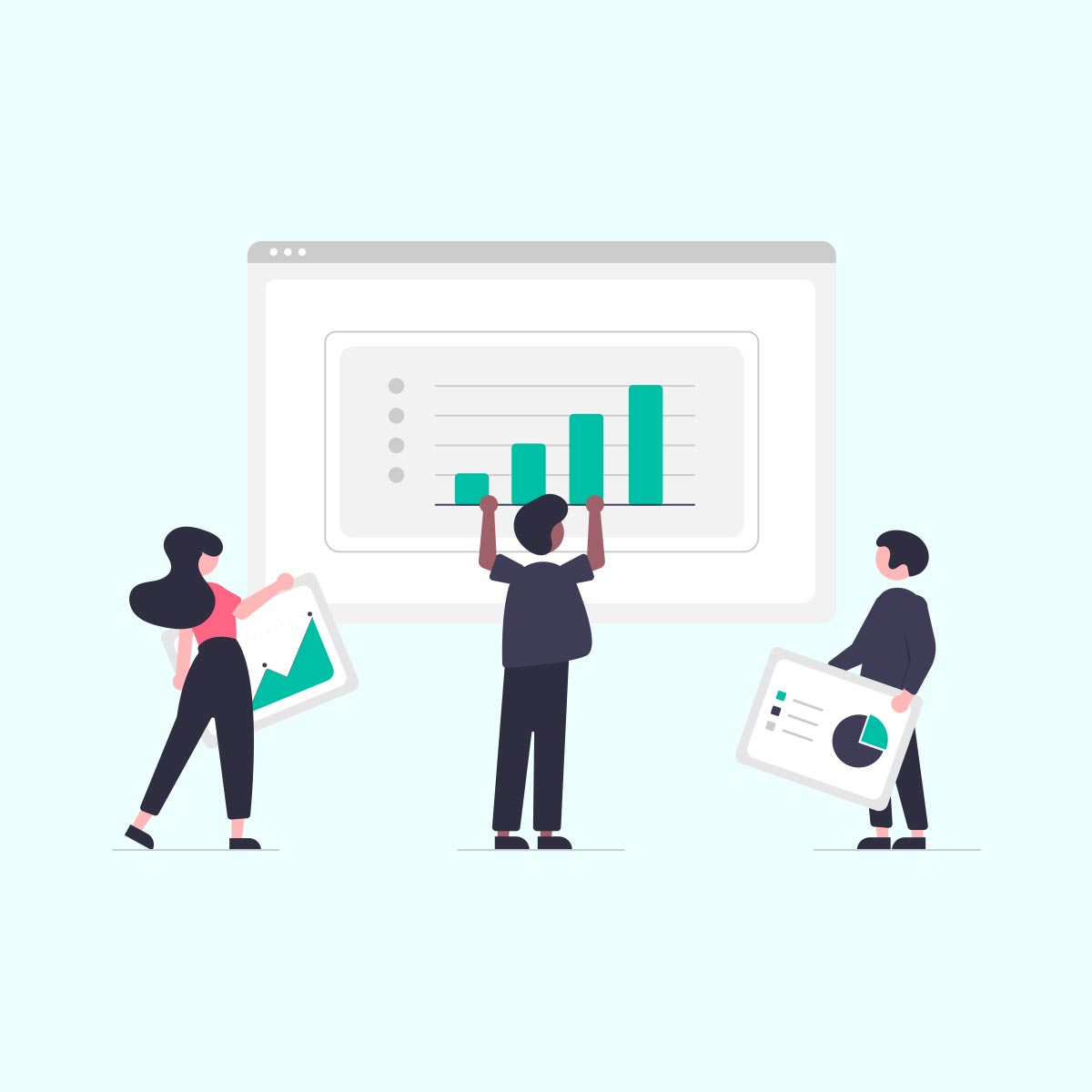 情報は 絵 でも伝えられる コンテンツにおけるイラストの有効活用法 Web制作の株式会社クライマークス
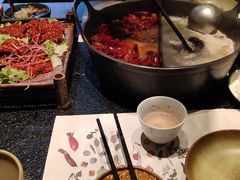 -盡膳口福跷脚牛肉火锅(北美新天地店)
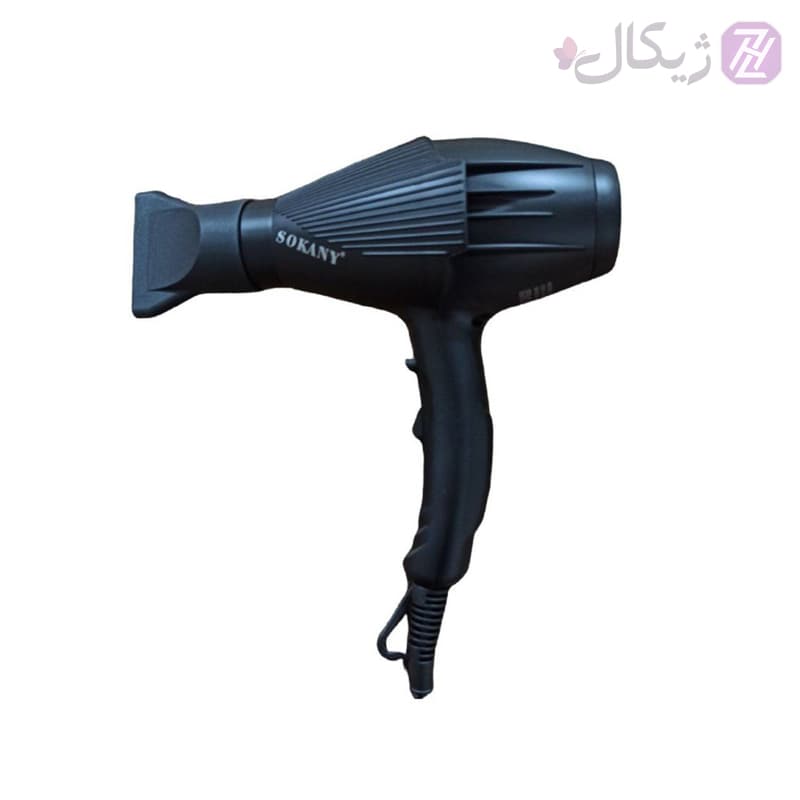 سشوار حرفه ای سوکانی SOKANY مدل SK-2219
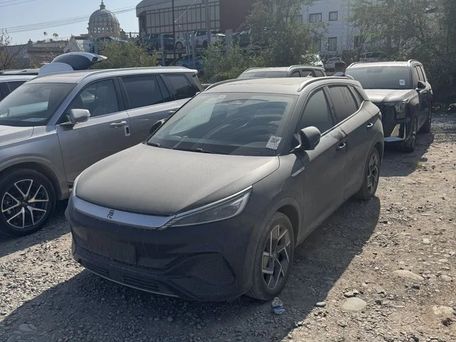 BYD Yuan Plus, 2024 — 照片 2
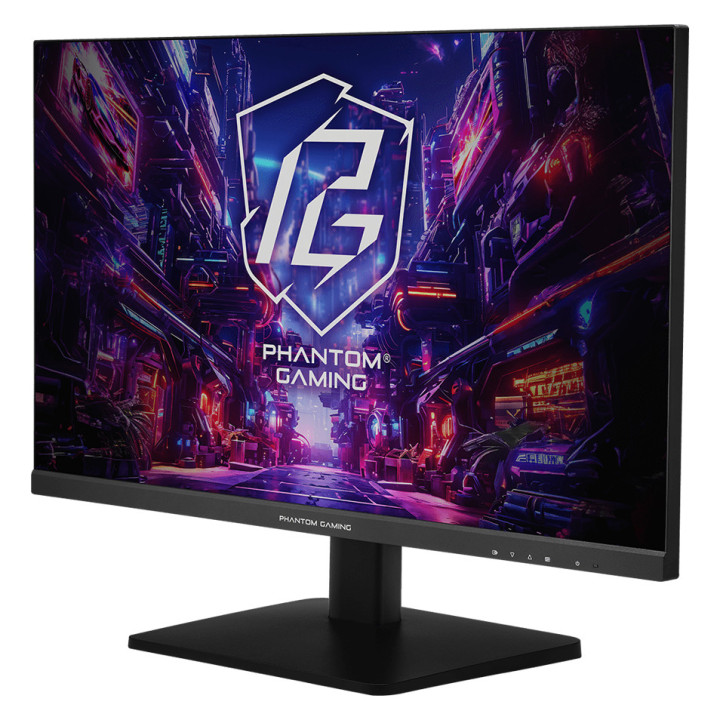 Asrock Gaming Monitor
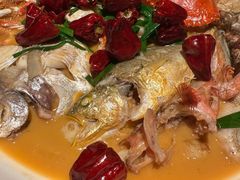 -三利音·玖弄小鲜(浦东嘉里城店)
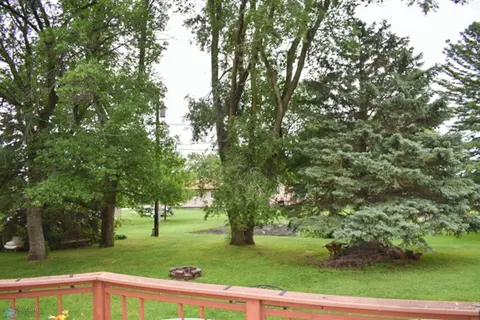 Exterior - 205 3rd St S, Fairmount, ND 58030 photo 1 of 4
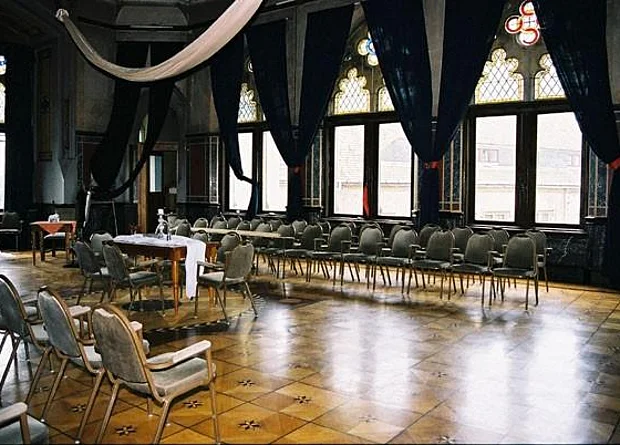 Marmorsaal 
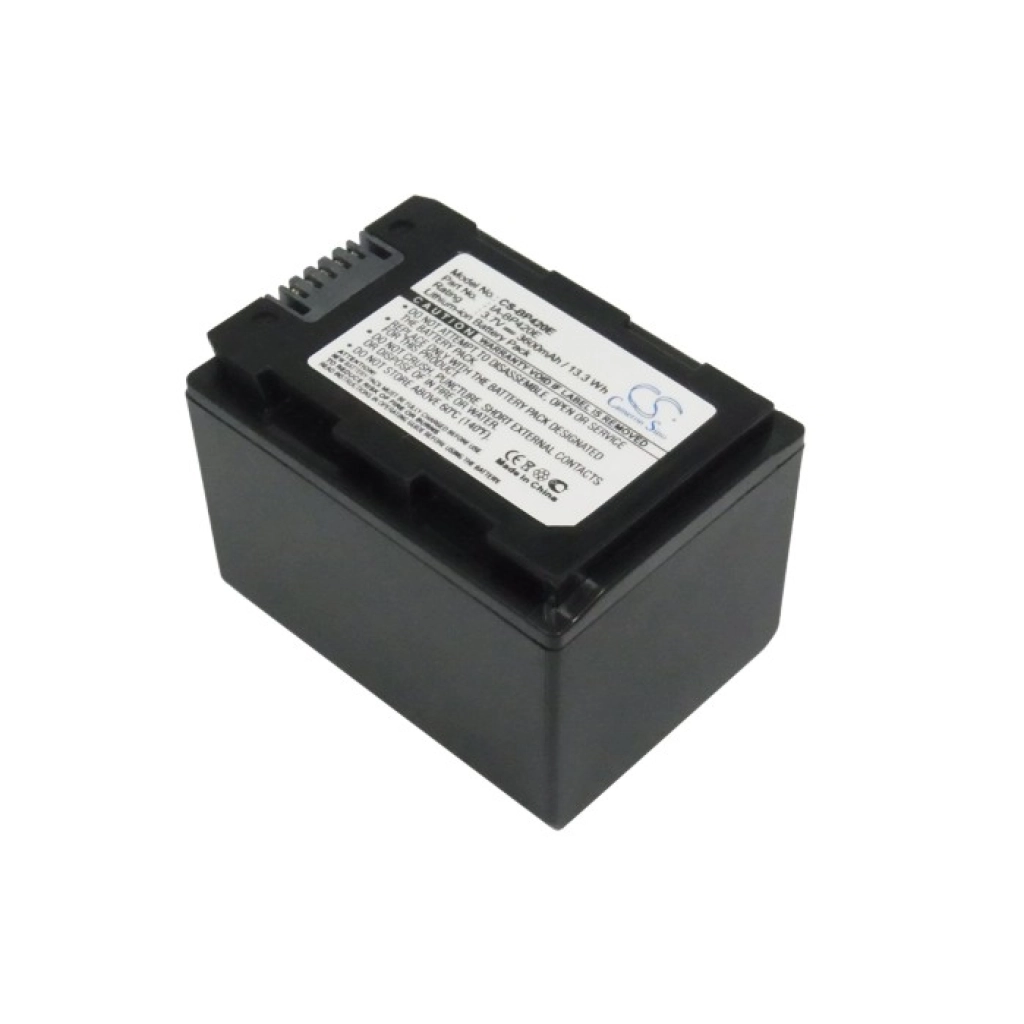 Camera Battery Samsung HMX-S10BP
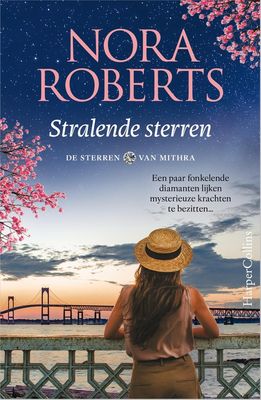 Stralende sterren - Nora Roberts - ebook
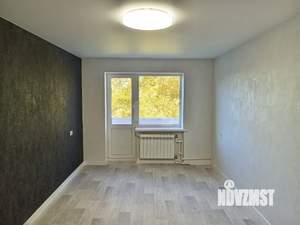 2-к квартира, вторичка, 43м2, 5/5 этаж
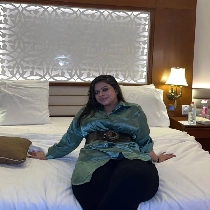 Kavya Sharmaji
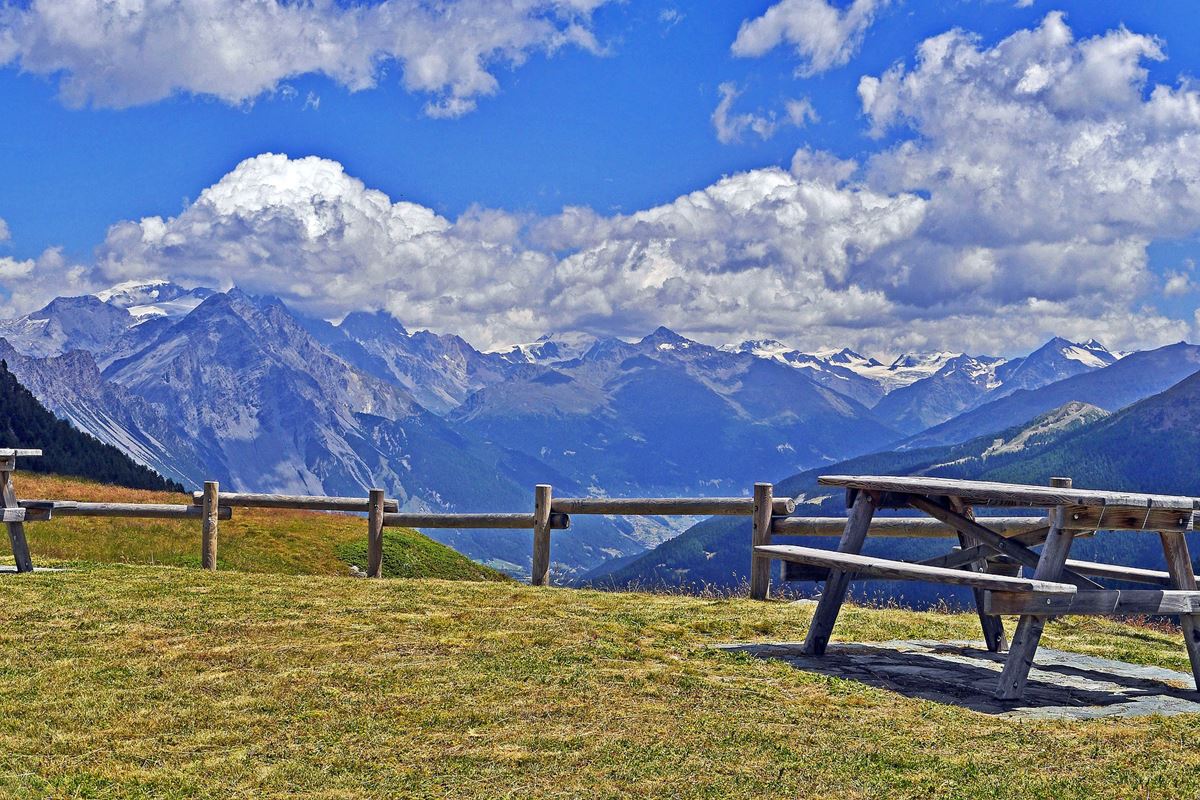 Livigno Mtb Mountain Bike Ebike Tour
____
The data above needs to be retyped exactly, with the images left out.

 情報は 絵 でも伝えられる コンテンツにおけるイラストの有効活用法 Web制作の株式会社クライマークス
 -盡膳口福跷脚牛肉火锅(北美新天地店)
 سشوار حرفه ای سوکانی SOKANY مدل SK-2219
 BYD Yuan Plus, 2024 — 照片 2
 Asrock Gaming Monitor
 -三利音·玖弄小鲜(浦东嘉里城店)
 Exterior - 205 3rd St S, Fairmount, ND 58030 photo 1 of 4
 Marmorsaal 
 Camera Battery Samsung HMX-S10BP
 Stralende sterren - Nora Roberts - ebook
 2-к квартира, вторичка, 43м2, 5/5 этаж
 Kavya Sharmaji
 Livigno Mtb Mountain Bike Ebike Tour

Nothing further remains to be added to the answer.